To install this library, you need to execute the following command.
sudo apt-get update -qq
sudo apt-get install -y libxml2-utils
We have to apt-get
install the libxml2-utils package using .
If you have an XML file named MyXML.xml, you can easily get the XML using the following command.
xmllint MyXML.xml
After executing the above command, you will get the output as follows.
<?xml version="1.0"?>
<specification>
<type>Laptop</type>
<model>Macbook</model>
<screenSizeInch>14</screenSizeInch>
</specification>
This library contains some options or flags. The available options of the library are shared below.
- --auto - This flag is used to generate documentation for testing.
- --catalogs - This flag is used to use the catalogs from SGML_CATALOG_FILES. Otherwise, the default is to use /etc/xml/catalog.
- --chkregister - This flag is used to turn on node registration.
- --compress - This flag turns on gzip compression of the output.
- --copy - This flag is used to test the internal copy implementation.
- --c14n - This flag is used to serialize the results of the parsing to stdout using W3C XML Canonicalization (C14N). It also preserves comments in the results.
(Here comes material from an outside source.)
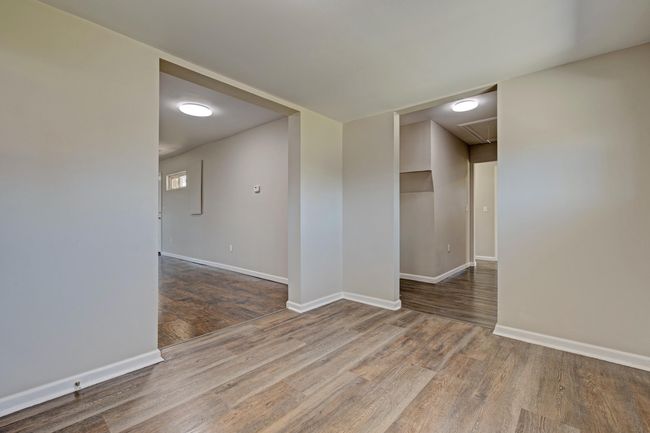 27) Mud Room | Image 23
- --dtdvalid URL - This flag is used to validate using the DTD specified by the URL.
- --dtdvalidfpi FPI - This flag is used to specify the DTD using the public identifier FPI for validation; note that this flag requires the directory to be exported as a public identifier to work.
- --debug - This flag is used to parse the file. It also outputs an annotated tree which is an in-memory version of the document.
- --debugent - This flag is used to debug entities defined in the documentation.
- --dropdtd - This flag is used to remove the DTD from the output.
- --dtdattr - This flag will fetch an external DTD. It also populates the tree with inherited attributes.
- --encode - This flag will provide output in a given encoding.
- --format - This flag will reformat and re-indent the output.
- --help - This flag will print out a summary of xmllint usage.
- --html - This flag is used to use the HTML parser.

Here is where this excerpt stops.